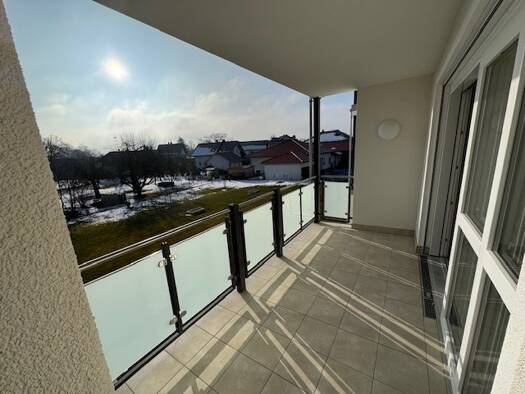 Wohnung zur Miete 990 € 3 Zimmer 92 m² Geschoss 1/3 frei ab sofort Pfarrer-Stirner-Straße 4 a Kirchham 94148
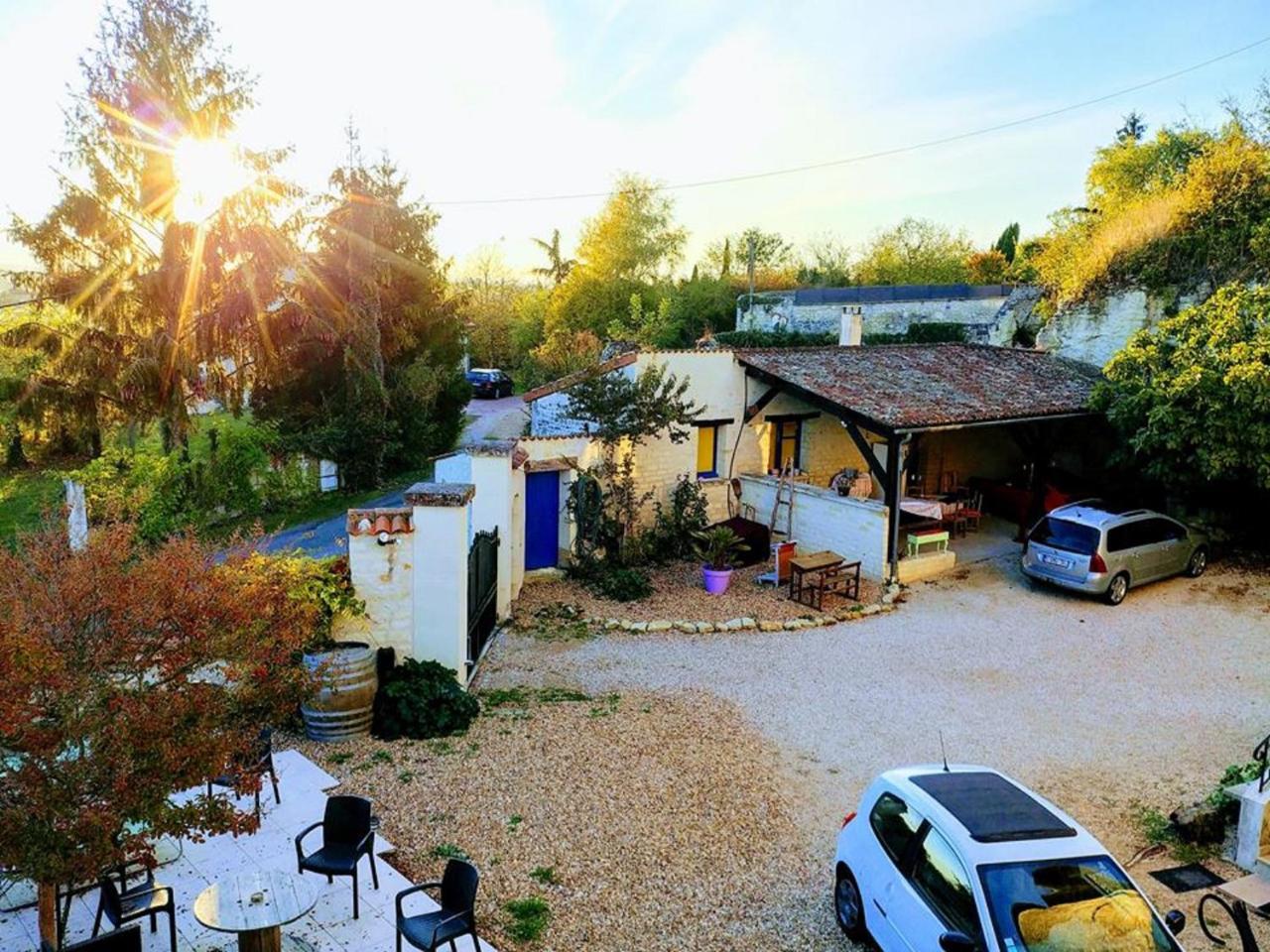 Manoir Le Cristal Futuroscope -20 Poucent Sur Les Nuitees Et -30 Pourcent Sur Le Futuroscpe ! Beaumont (Vienne) Екстериор снимка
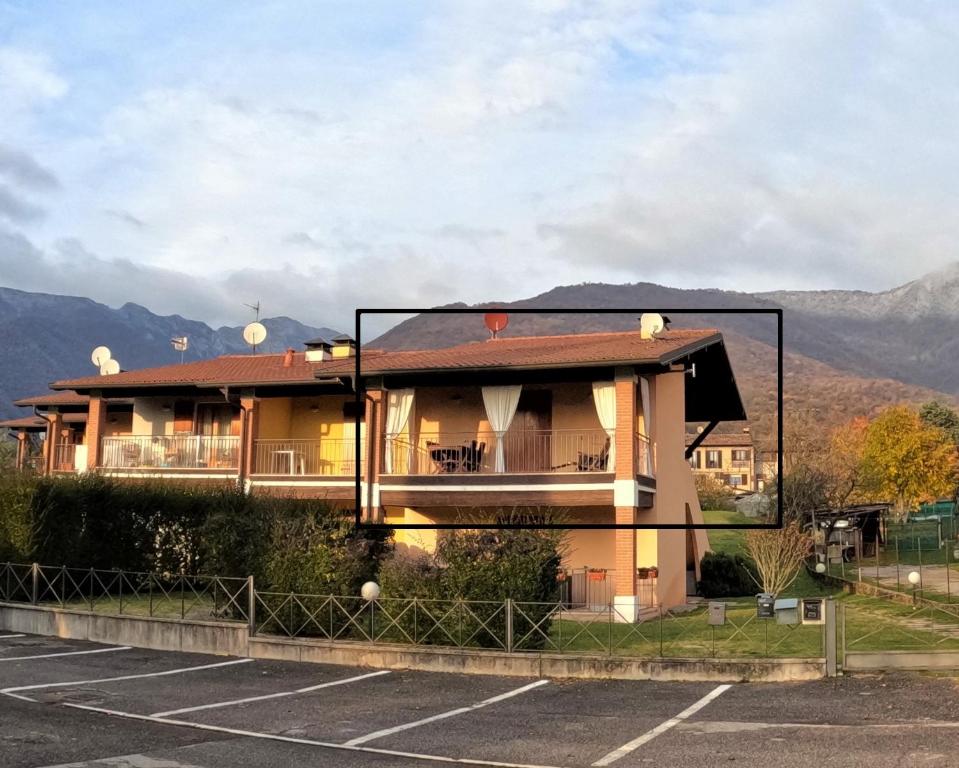 Confidence house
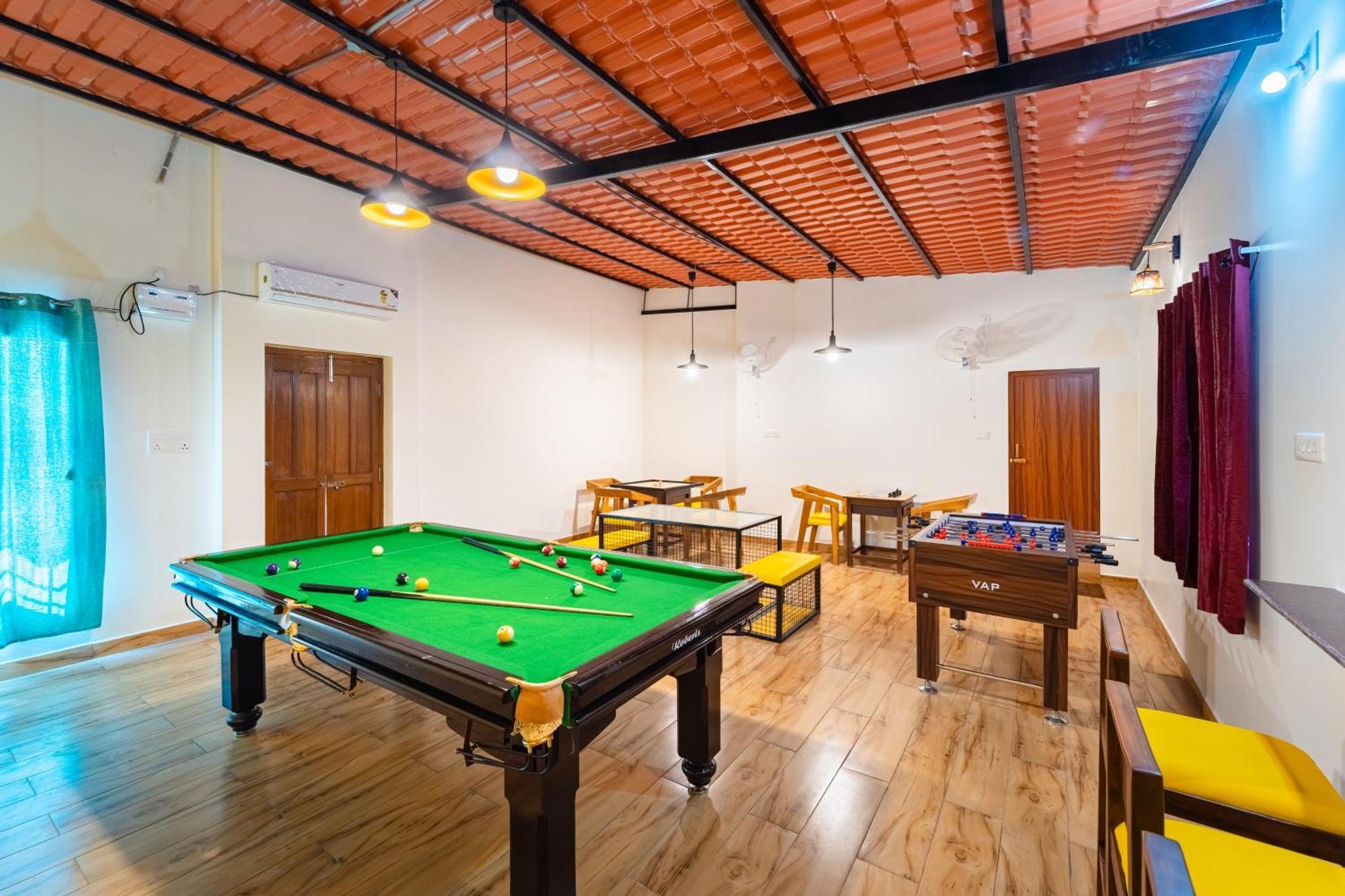 Teak Leaf Gateway Villa With Swimming Pool Indoor Games Kālapettai Εξωτερικό φωτογραφία
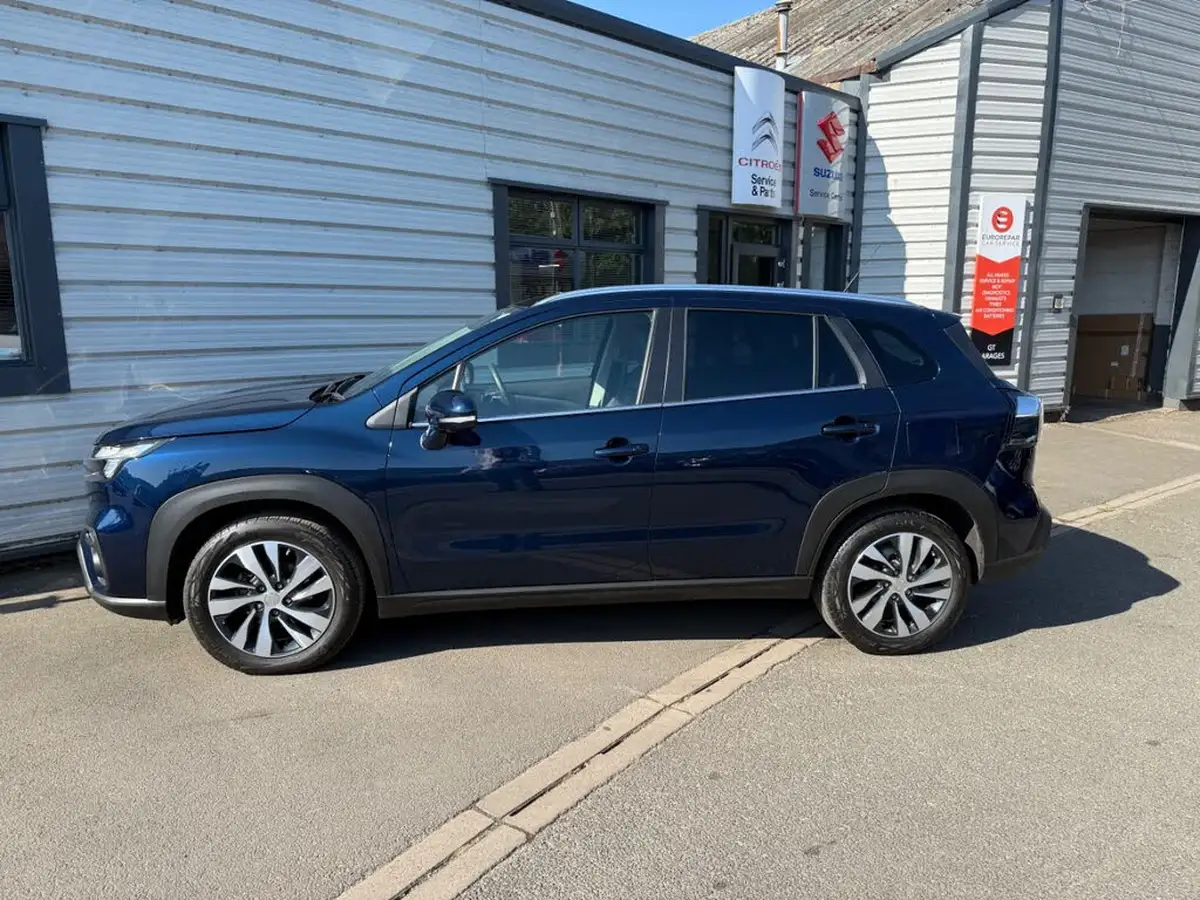 2023-suzuki-s-cross-15-ultra-allgrip-big-2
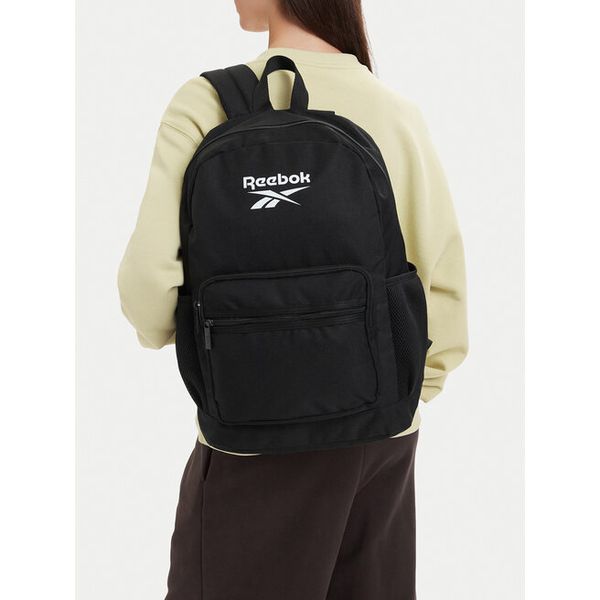 Plecak Reebok. Czarne plecaki Reebok, bez wzorów. Za 99.99 zł.
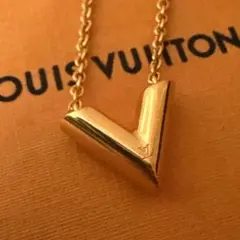 LOUIS VUITTON　エッセンシャルV LV ネックレス　ゴールドのサムネイル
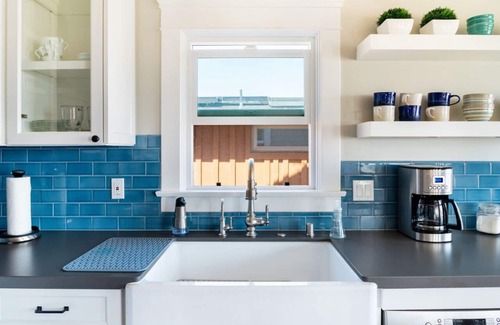 Roseville - Fleet Ridge House | Charming Historic Home with Amazing Views of San Diego Bay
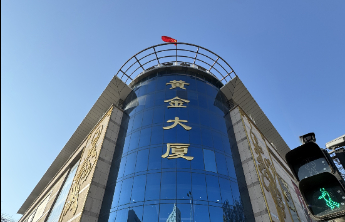 一次接触 终身伴侣：鲁滨首饰以贴心服务铸就本土“金招牌”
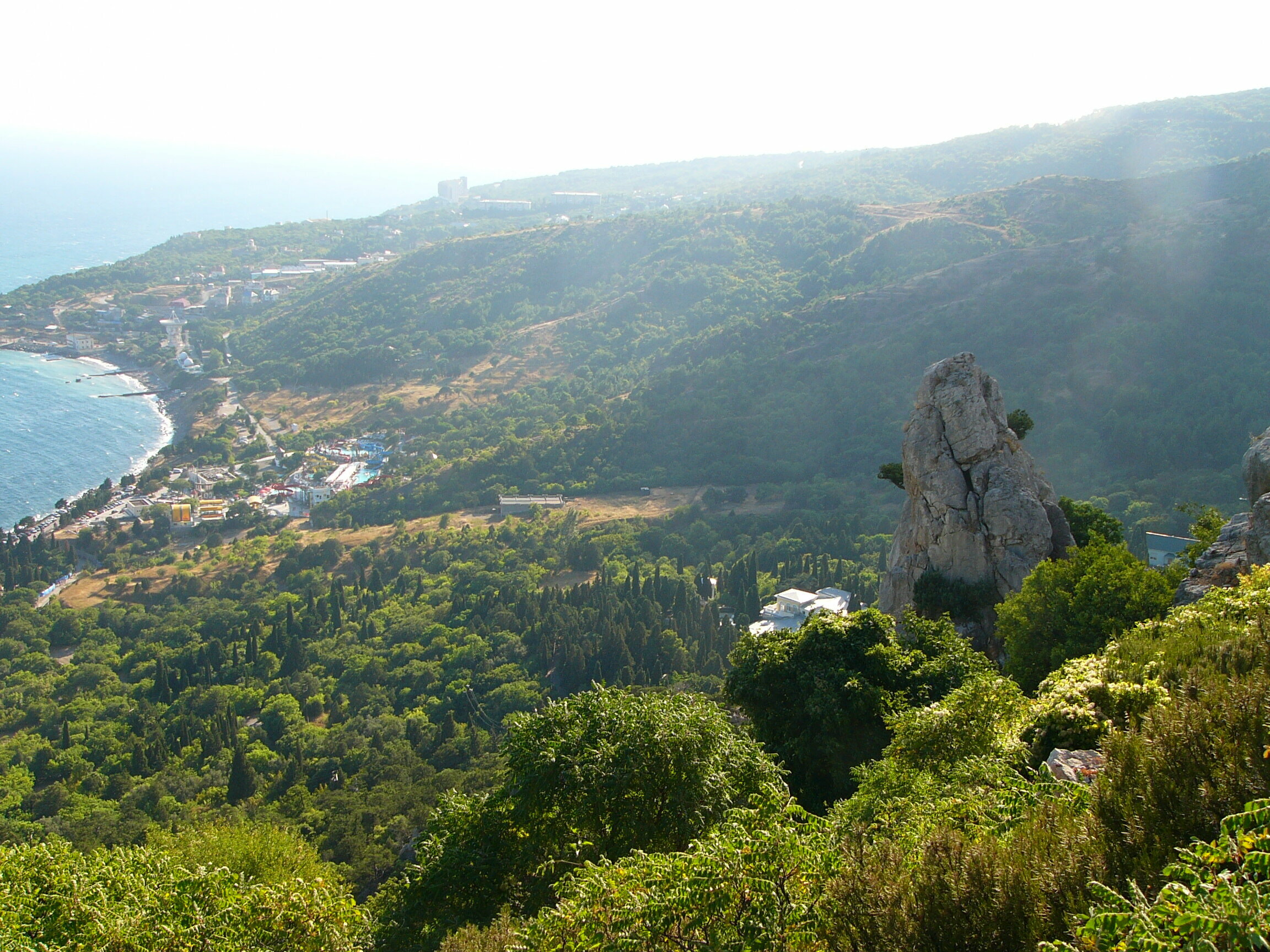 Трехместный номер «Комфорт» с душем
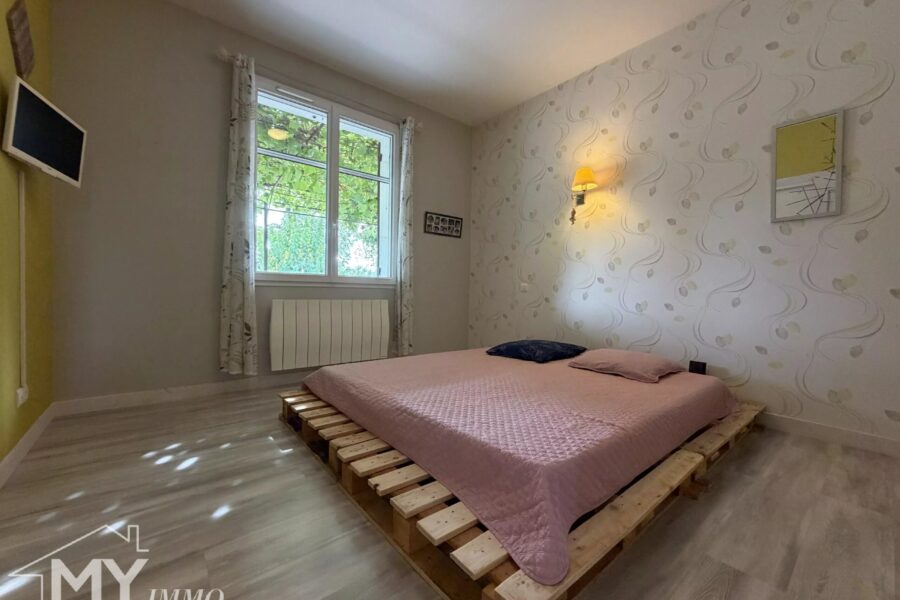 Maison à vendre à Saint-Pey-de-Castets — Vue parc & jardin — photo 7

WORK REQUEST →
Restate word for word, and only, the lines from the line that contains "LOUIS VUITTON　エッセンシャルV LV ネックレス　ゴールドのサムネイル" through the end of the data, both included; pictures are not part of the copy.

TASK RESULT →
 LOUIS VUITTON　エッセンシャルV LV ネックレス　ゴールドのサムネイル
 Roseville - Fleet Ridge House | Charming Historic Home with Amazing Views of San Diego Bay
 一次接触 终身伴侣：鲁滨首饰以贴心服务铸就本土“金招牌”
 Трехместный номер «Комфорт» с душем
 Maison à vendre à Saint-Pey-de-Castets — Vue parc & jardin — photo 7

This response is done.